One of the constraints can be rewritten using the nullspace projector of $b$ $$\eqalign{ P &= \Big(I-(b^T)^+b^T\Big) = \left(I-\frac{bb^T}{b^Tb}\right) \;=\; I-\beta bb^T \\ Pb &= 0,\qquad P^2=P=P^T \\ }$$ and the introduction of an unconstrained vector $y$ $$\eqalign{ b^Tx &= a \\ x &= Py + (b^T)^+a \\ &= Py + a\beta b \\ &= Py + \alpha_0 b \\ }$$ The remaining constraint can be absorbed into the definition of the objective function itself $$\eqalign{ \lambda &= \frac{x^TBx}{x^Tx} \;=\; \frac{y^TPBPy +2\alpha_0y^TPBb +\alpha_0^2\,b^TBb}{y^TPy +\alpha_0^2\,b^Tb} \;=\; \frac{\theta_1}{\theta_2} \tag{0} \\ }$$ The gradient can be calculated by a straightforward (if tedious) application of the quotient rule as $$\eqalign{ \frac{\partial\lambda}{\partial y} &= \frac{2\theta_2(PBPy +\alpha_0PBb)-2\theta_1Py} {\theta_2^2} \\ }$$ Setting the gradient to zero yields $${ PBPy +\alpha_0PBb = \lambda Py \tag{1} \\ }$$ which can be rearranged into a generalized eigenvalue equation. $$\eqalign{ PB\left(Py+\alpha_0b\right) &= \lambda Py \\ PBx &= \lambda Px \tag{2} \\ }$$ Note that multiplying the standard eigenvalue equation $$\eqalign{ Bx &= \lambda x \tag{3} \\ }$$ by $P$ reproduces equation $({2})$. So both standard and generalized eigenvalues are potential solutions.

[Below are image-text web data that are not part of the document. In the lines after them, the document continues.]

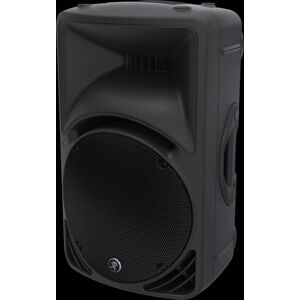 Mackie SRM450 - Aktivera Lautsprecher mit 12" Treiber - 1000W Mackie SRM450 - Aktivera Lautsprecher mit 12" Treiber - 1000W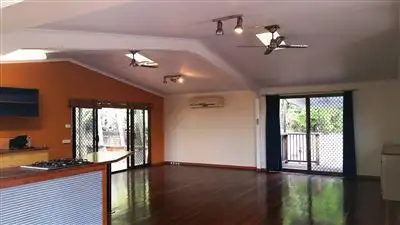 Main view of Homely house listing, 181 Staniland Drive, Strathdickie QLD 4800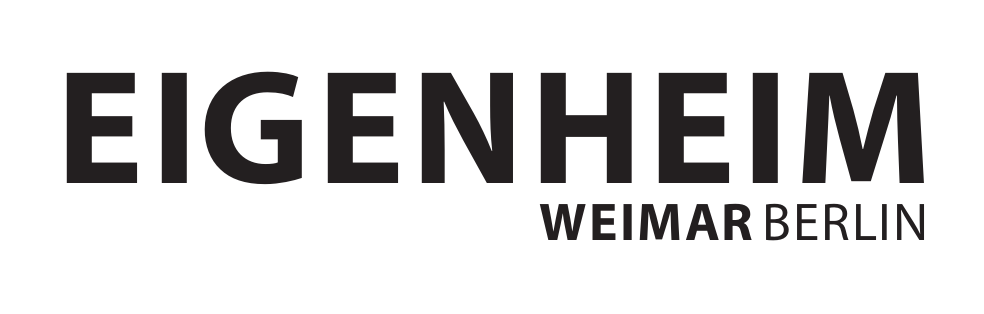 Logo Eigenheim Weimar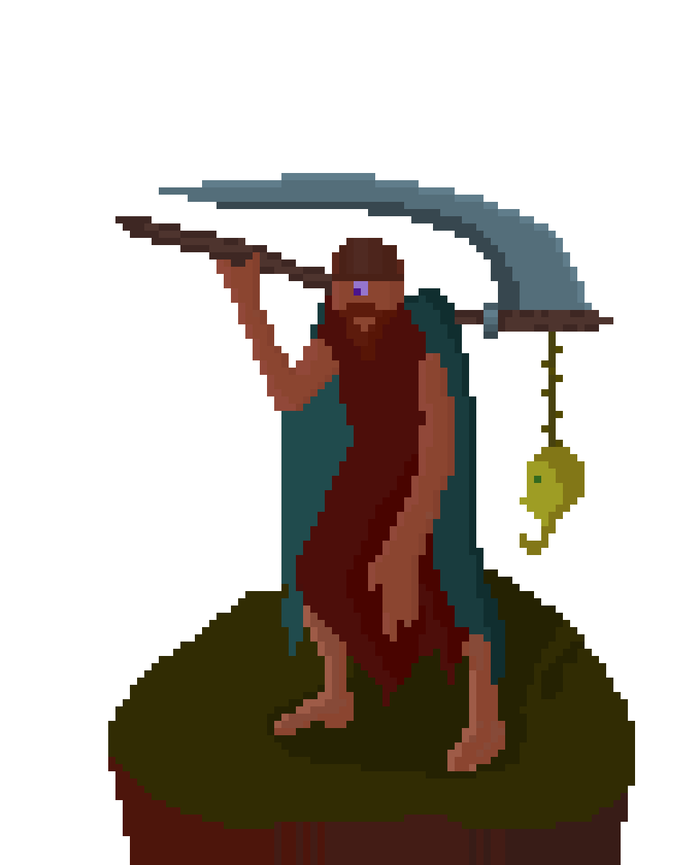    Pixel Art, 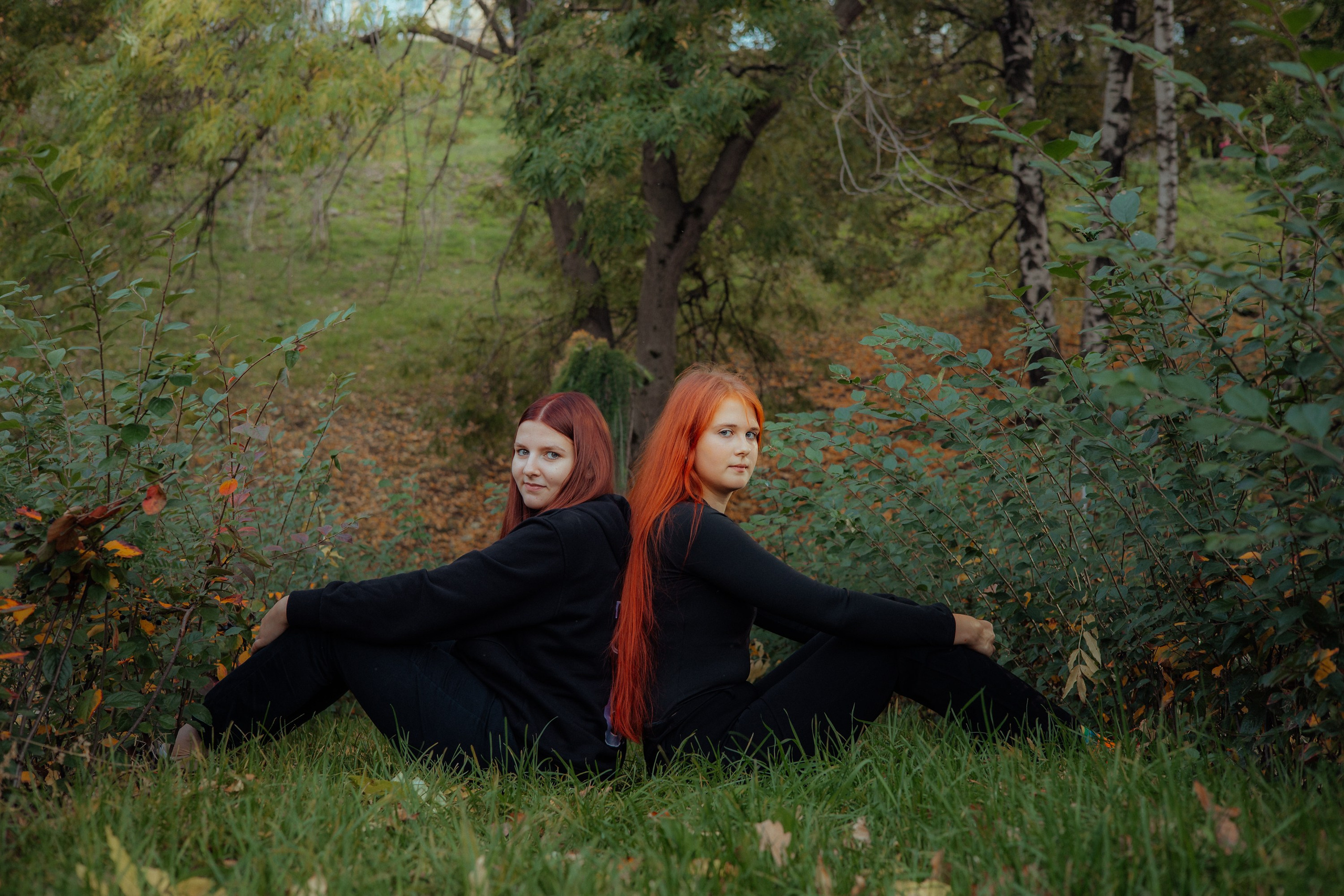 Союз отрядных гитаристов | александровский парк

Unlike the discrete $\lambda$ values yielded by the eigenvalue methods, equation $({1})$ is solvable for a continuous range of $\lambda$
$$\eqalign{ y &= \alpha_0(\lambda P-PBP)^+PBb \\ }$$ and produces a $y$ vector which satisfies the zero gradient condition $({1})$.

Unfortunately, none of these approaches yields a solution which satisfies all of the constraints.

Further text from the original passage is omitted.